Set the pictures aside and set down only the lines from the line holding "AR license plate 634KVX" through the end of the entries below, ends included.
┌──
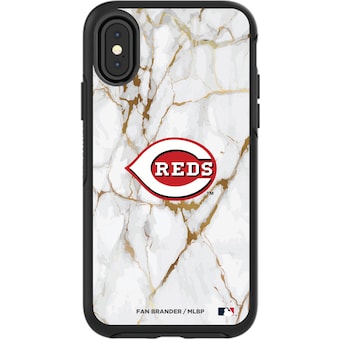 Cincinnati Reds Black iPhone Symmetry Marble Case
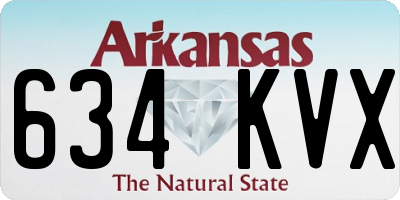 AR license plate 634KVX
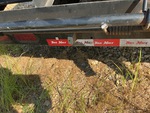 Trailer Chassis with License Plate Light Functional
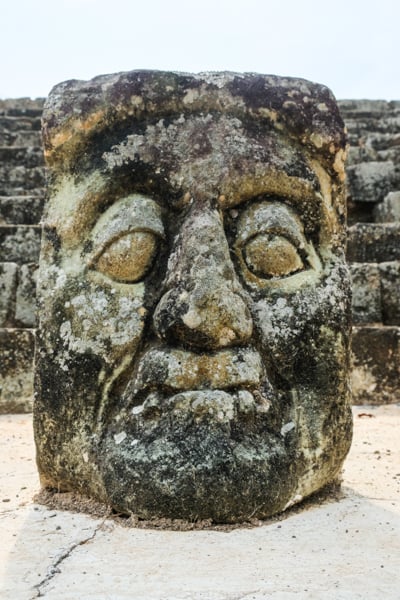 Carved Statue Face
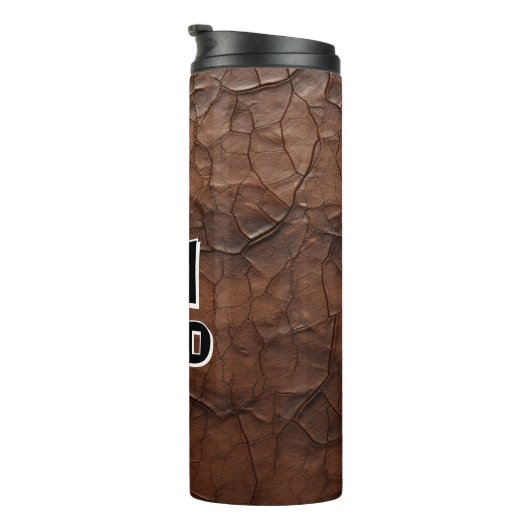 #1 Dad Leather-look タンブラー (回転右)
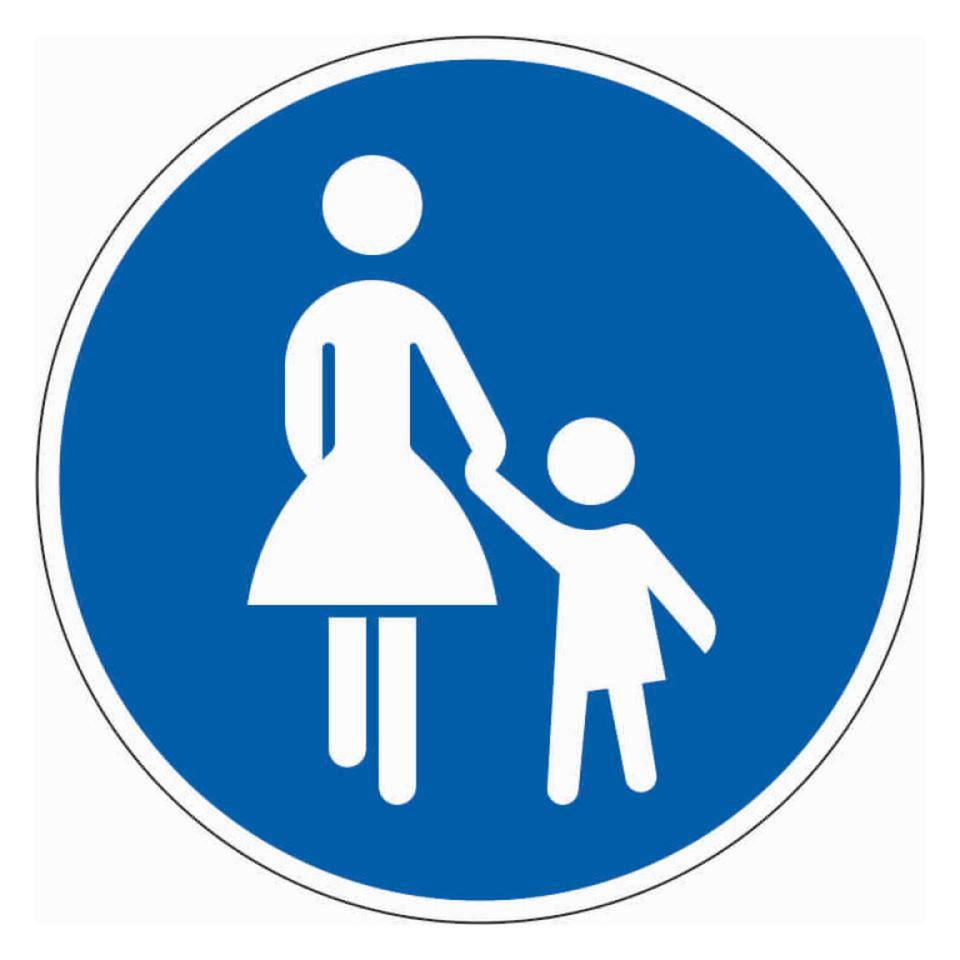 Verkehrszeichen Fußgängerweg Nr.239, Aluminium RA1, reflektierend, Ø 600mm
└──
*Answer for the task:*
 AR license plate 634KVX
 Trailer Chassis with License Plate Light Functional
 Carved Statue Face
 #1 Dad Leather-look タンブラー (回転右)
 Verkehrszeichen Fußgängerweg Nr.239, Aluminium RA1, reflektierend, Ø 600mm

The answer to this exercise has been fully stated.